10. Vacation. Executive shall be entitled to four weeks of paid annual vacation in accordance with the policies established from time to time by the Board.

11. Relocation and Commuting Expenses.

(a) Relocation. Executive agrees to relocate his residence to the New York/New Jersey/Pennsylvania area (the “New Jersey Area”) no later than July 1, 2011. The Company will pay or reimburse Executive for the following reasonable expenses actually incurred by Executive in connection with such relocation, in a total amount not to exceed $200,000 (the “Relocation Cap”), provided that such expenses are incurred by Executive no later than December 31, 2011 in accordance with applicable Company policies:

(i) Expenses of moving Executive’s family and household goods to the New Jersey Area;

(ii) Standard closing costs on the sale of Executive’s existing home in Illinois;

(iii) Standard closing costs on Executive’s purchase of a new home in the New Jersey Area (which, for the avoidance of doubt, shall not include “points” on Executive’s new home loan);

(iv) Reasonable temporary living expenses for Executive in the New Jersey Area prior to his permanent relocation;

(v) Cost of up to two (2) house-hunting trips to the New Jersey Area for Executive and his immediate family; and

(vi) Coach airfare for up to one visit per month by Executive’s spouse while Executive is temporarily living in the New Jersey Area.

(b) Commuting. Until Executive has permanently relocated in accordance with this Section 11, the Company shall reimburse Executive or otherwise pay for Executive’s weekly round trip coach airfare in order to commute from his current location (Illinois/Wisconsin) to the New Jersey Area.

(c) Payment. Subject to Section 20(b) below, the Company shall reimburse the relocation and/or commuting expenses described in this Section 11 within thirty (30) days following Executive’s delivery to the Company of documentation evidencing such expenses.

12. Business Expenses.
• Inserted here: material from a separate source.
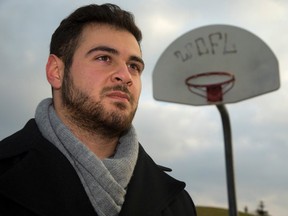 Ferras Hayek, now coaching basketball at Westminster secondary school, grew up in White Oaks and credits basketball with saving his life from bad choices. Hayek has raised funds for new nets at White Oaks Park in London, Ont. on Tuesday December 8, 2015. (MIKE HENSEN, The London Free Press)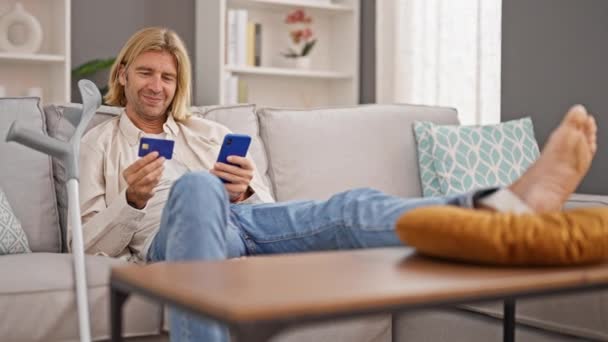 一个悠闲的男人坐在家里的沙发上 看着信用卡和智能手机 旁边夹着拐杖 暗示着一种复苏的情景 — 图库视频影像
The Company shall reimburse Executive or otherwise pay for all reasonable expenses incurred by Executive in furtherance of or in connection with the business of the Company, including, but not limited to, automobile and traveling expenses and all reasonable entertainment expenses, subject to such reasonable documentation and other limitations as may be established by the Company.

13. Legal Fees. The Company shall reimburse Executive for up to $15,000 in legal fees and expenses actually incurred by Executive in connection with the drafting, review and negotiation of this Agreement on or prior to the Effective Date. Subject to Section 20(b) below, the Company shall reimburse such legal fees and expenses within thirty (30) days following Executive’s delivery to the Company of documentation evidencing such expenses.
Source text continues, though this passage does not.